Causewayed enclosures
A causewayed enclosure is a roughly circular or oval shaped area bounded by one or more lines of banks and ditches. The ditches are particularly distinctive because they were usually constructed as a series of elongated pits, with narrow blocks of unexcavated land forming a causeway between each segment. Inside the line of ditches may be a bank or wall of soil and/or stone, but in contrast to the ditches, these ramparts are usually continuous except for a few entrances. They are thought to have been used variously as settlements, sometimes seasonal, and ceremonial sites.
The tradition of constructing and using causewayed enclosures in England may be fairly precisely dated to the first half of the third millennium BC - the middle Neolithic period - on the basis of pottery and radiocarbon dates.
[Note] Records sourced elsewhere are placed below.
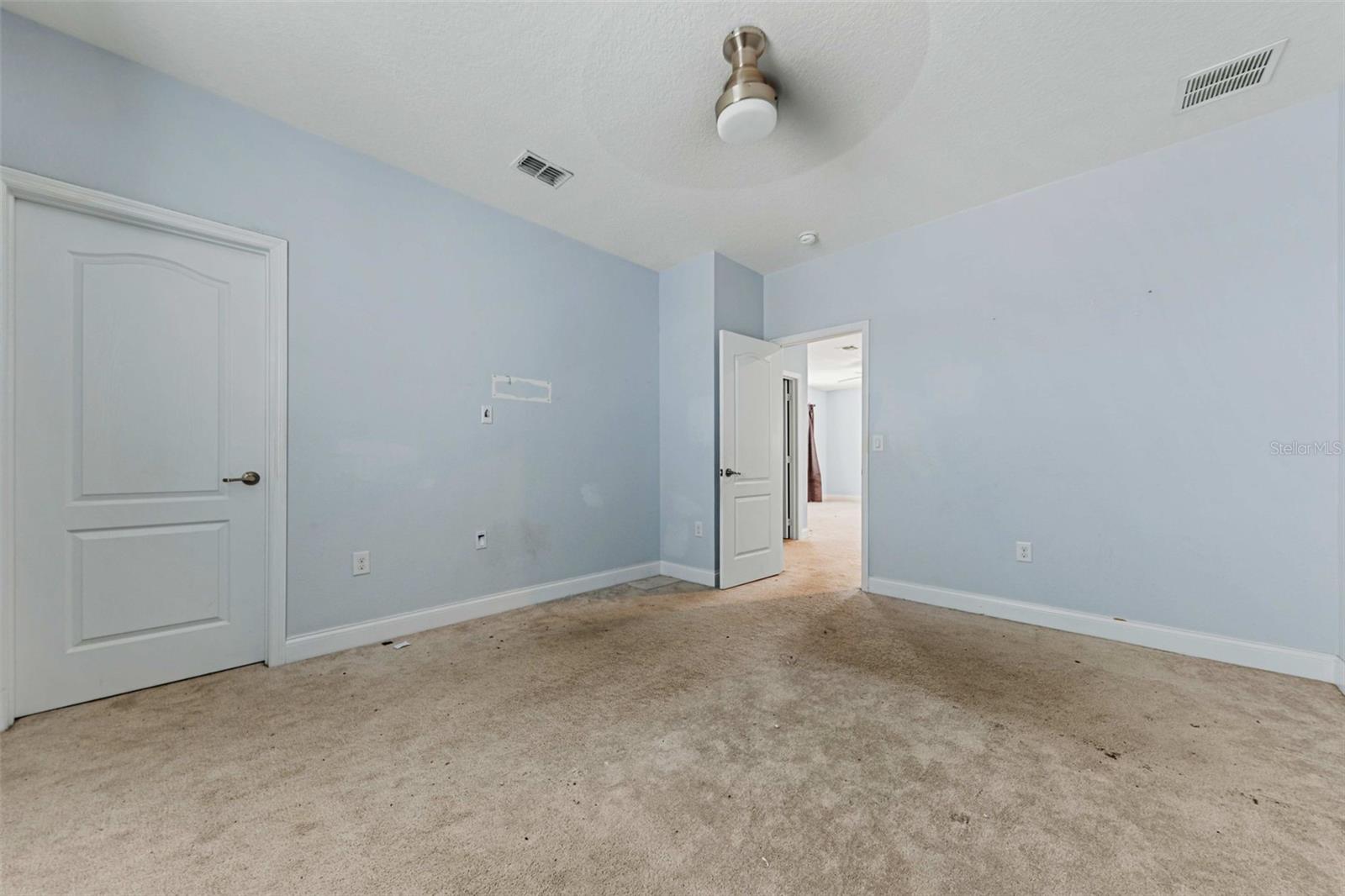 281 ANCONA AVE, DEBARY, FL, 32713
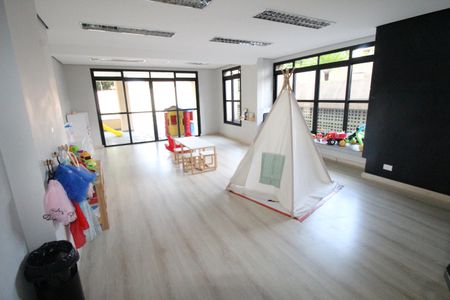 Apartamento para alugar com 200m², 4 quartos e 3 vagasÁrea comum - Brinquedoteca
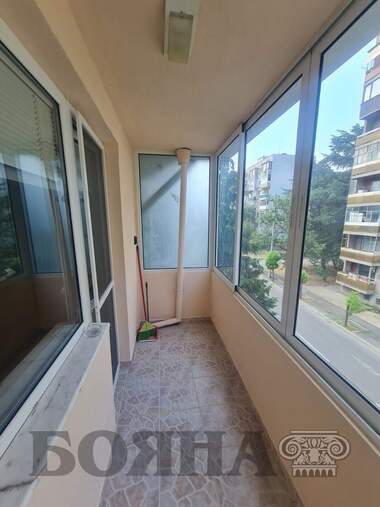 Vânzare - Apartament în Văzrajdane,  Ruse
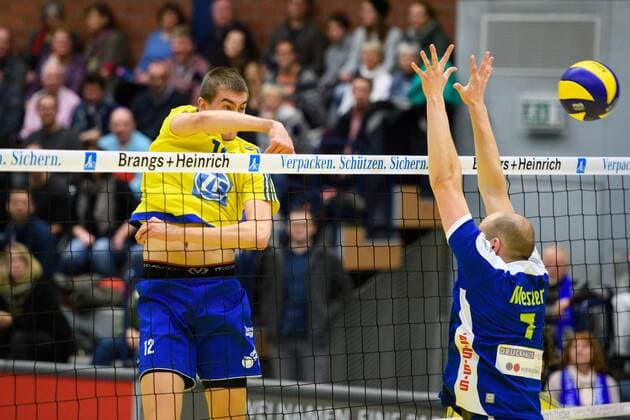 21.01.2017, Friedrich-Albert-Lange Sporthalle, Solingen Volleyball, Bundesliga Männer Maenner, Normalrunde, Solingen Volleys vs. VfB Friedrichshafen Angriff Jakob Günthör Günthoer ( 12 Friedrichshafen) - Block Toni Mester ( 7 Solingen)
Over 60 radiocarbon dates are currently available from 17 excavated enclosure sites. The majority of these dates fall within the period 3000 - 2500 BC; the few dates outside this range can mostly be explained as relating to earlier or later activity on the site. Causewayed enclosures represent one of the earliest classes of field monument known in England.
Causewayed enclosures were constructed in a variety of locations, including hill-tops, hill-slopes, promontories, and valley bottoms. Many were situated on the interface between two contrasting environments, for example the junction of downland and a major river valley. Causewayed enclosures are widely scattered throughout southern, south-western, central, and eastern England, with particular concentrations along the upper Thames Valley, the Cotswolds, and on the chalk downs of Sussex . A few possible examples have been reported in northern England, but none have been authenticated by excavation.
There are several causewayed enclosures either in Buckinghamshire or just outside it. Three lie along the Thames, such as the one at Yeoveney Lodge in Staines on the Colne, a tributary of the Thames, one at Dorney Reach, north of the Thames and one at Eton Wick, south of the Thames in Berkshire. The other possible causewayed enclosure in the county is on the Padbury Brook, a tributary of the Great Ouse, at Hillesden in the north of Buckinghamshire.